Crítica | Festival

Annette

Manipulando ao som do ego

(Annette, FRA, BEL, ALE, EUA, JAP, MEX, SUI, 2021)
Nota  
  • Gênero: Musical
  • Direção: Leos Carax
  • Roteiro: Ron Mael, Russell Mael
  • Elenco: Adam Driver, Marion Cotillard, Simon Helberg, Devyn McDowell
  • Duração: 141 minutos

Um bailado iluminado pelas luzes da noite na cidade do pecado, ecos de risadas, gozos, triunfo, amor, raiva, dor, união, abusos, morte e vida numa espiral musicada e imaginada por um dos cineastas mais genuínos que permanecem em atividade. Esse é Annette, o filme-ópera de Leos Carax.

Um capítulo sobre a capacidade autodestrutiva da fama em contraposição ao ego inflado de um homem manipulador. Parece familiar? Em se tratando da obra do cineasta, crítico e pensador do cinema francês, realmente é. Annette pode ser lido como o filme-espetáculo que é de forma individual, mas ainda como a segunda parte de um estudo sobre essa era (que tem um quê de ridícula) de espetacularização, holofotes e tragédias familiares. E é trágico também em sua arquitetura narrativa já que talhado como uma ópera, constituído em blocos dramáticos musicados – pois sim, também é um filme musical.

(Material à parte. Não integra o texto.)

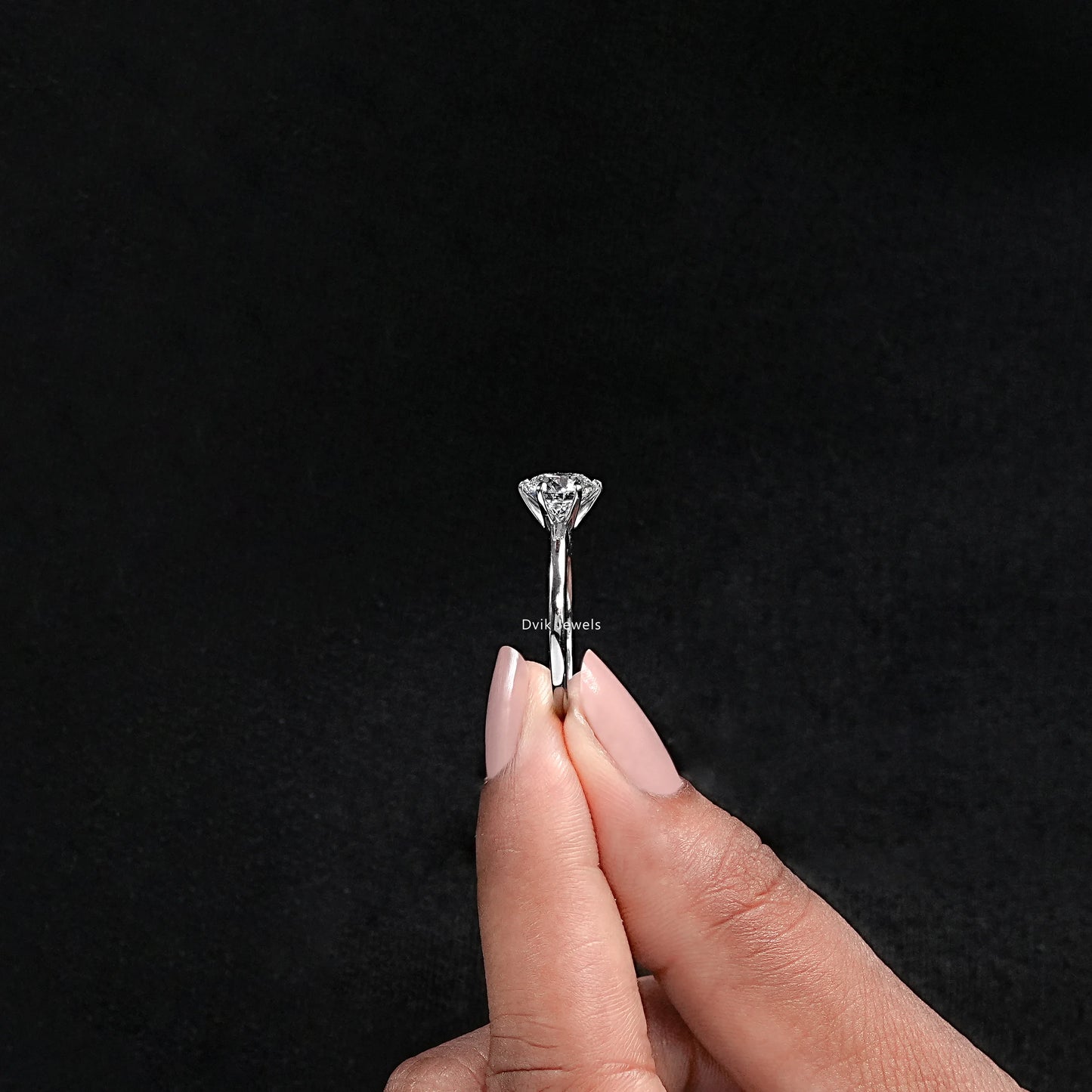 2 Carat Round Cut Diamond Solitaire Proposal Ring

E aqui abrindo um parênteses para explicitar que é importante ter esse entendimento antes de formar uma opinião sobre a experiência Annette – que pode ser vivida na Mostra de SP. A escolha de amar ou odiar o filme está aberta, mas é interessante pensar de que forma a obra está sendo encarada já que está diametralmente oposta as convenções. E já que se trata de uma ópera, com solo, coro, recitativo, balé e as encenações, a música é parte fundamental na estruturação narrativa de Annette. Ela está a cargo da dupla de protopunk Sparks, formada por Russel e Ron Mael.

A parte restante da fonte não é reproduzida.